Over at Vivienne Westwood, there was a riot of delightful and strange looks—cyborg-meets-platform-boots, rock-star chic, toga-skirts, frills and knitted-leggings—that took something from every era, but created something modern.
The adventure continued at Manish Arora, where a riot of Indian-influenced color ruled. Funky embroidery was mixed in with long silhouettes. Other looks from this season drew upon the kitsch, the colourful, the cute, and campy aesthetic that Arora has rolled into what the designer proclaimed to The Daily Beast as his “best collection yet.” One sweatshirt proclaimed, “Pink and Gold Is My Religion.”

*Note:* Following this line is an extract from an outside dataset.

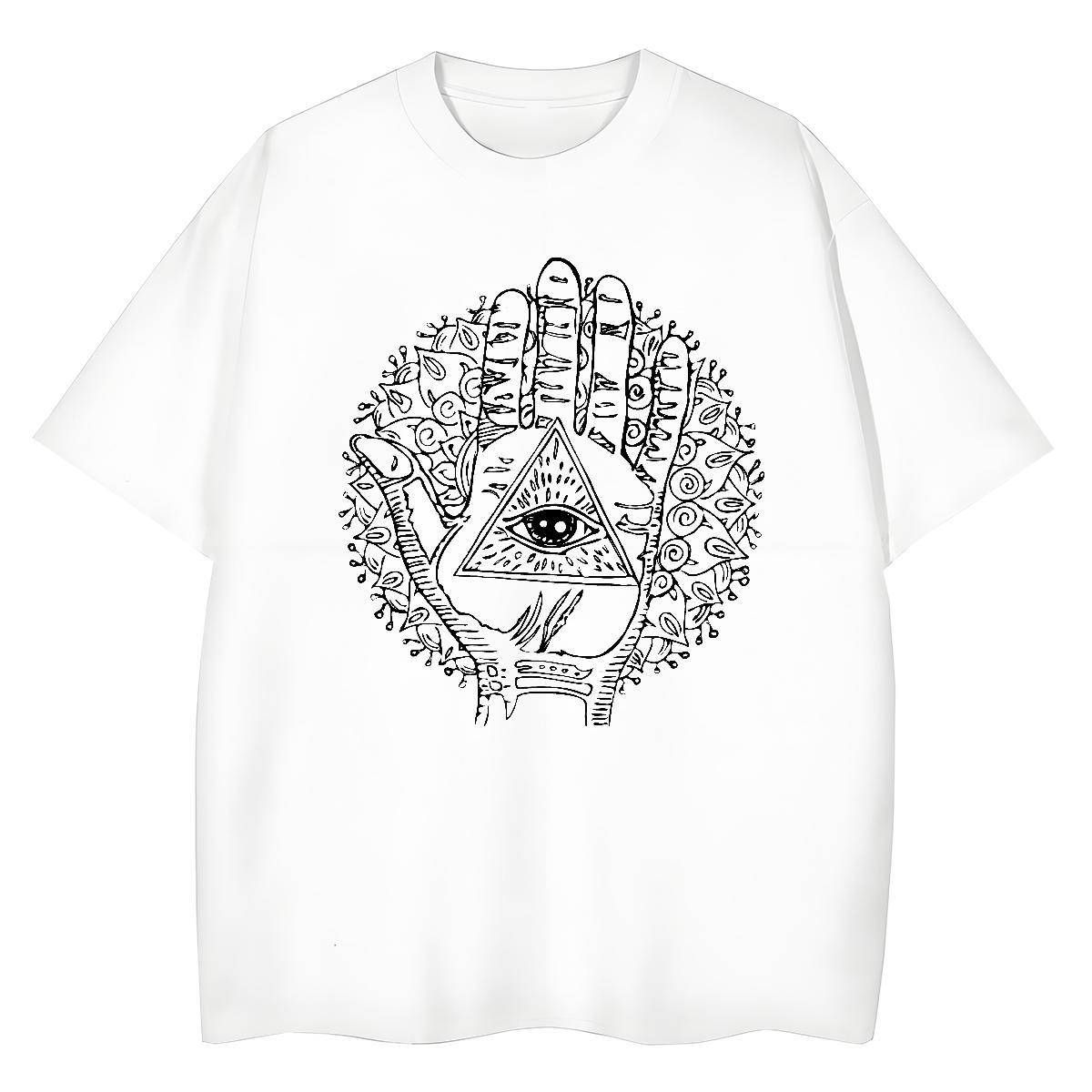 Loose Fit T-Shirts 230g 100% Cotton eye of the devil High Street Hip Hop Plus Size Cartoon Breathable Short Sleeve Men Tshirts Custom Wear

Beyond the catwalk, the opening at Paris’ main fashion museum, Galliera, of the first Paris retrospective of the Belgian designer Martin Margiela—a graduate of the prestigious Royal Academy of Art in Antwerp—put the spotlight on his own deconstructed dress codes, recycled materials and reworking of Japan’s traditional Tabi shoes (with toes).
The reconstruction of the French fashion house of Paul Poiret, which shuttered in the 1930, was also a highlight.
With the designer Yiqin Yin serving as artistic director of Poiret, the revived house’s show on Sunday night played on Poiret’s over-sized silhouettes that helped free the female form from the corset idea that Browne drew upon.
Instead, Poiret’s cocoon shape were used by Yin to create cushioned-looking coats and dresses that were designed, as per show notes, to offer a freedom of body movement for the wearer, rather than, “putting herself on display.”
Several contemporary labels live on, perhaps in less glory, without their namesakes calling the shots here, like John Galliano whose show this season drew upon the idea of a romance in the depressed Midwest. (Bill Gaytten serves as creative director now.) Margiela’s own label has been renamed and lives on without him (he did, however, curate the Galliera exhibition).
About town, a series of showrooms put on display the next-generation of designers. The so-called Designer’s Apartment, an initiative of Paris Fashion Week, displayed new collections from a dozen-odd designers at the press centre this season. Labels showing included GNDR, Coralie Marabelle and Korean brand Dawei.
Earlier in the week, the LVMH Prize put the spotlight on a series of up-and-comers, including 20 labels shortlisted for its Prize for Young Fashion Designers. These included Berlin’s clubbing-scene inspired GMBH, and Norway’s Edda.
The best of British fashion design was on display at the London show Rooms in Paris, and included Richard Quinn, Roberta Einer, and Nabil Nayal. French President Emmanuel Macron also wanted a slice of the action this season, with a fashion dinner hosted on Monday night for designers at the Élysée Palace.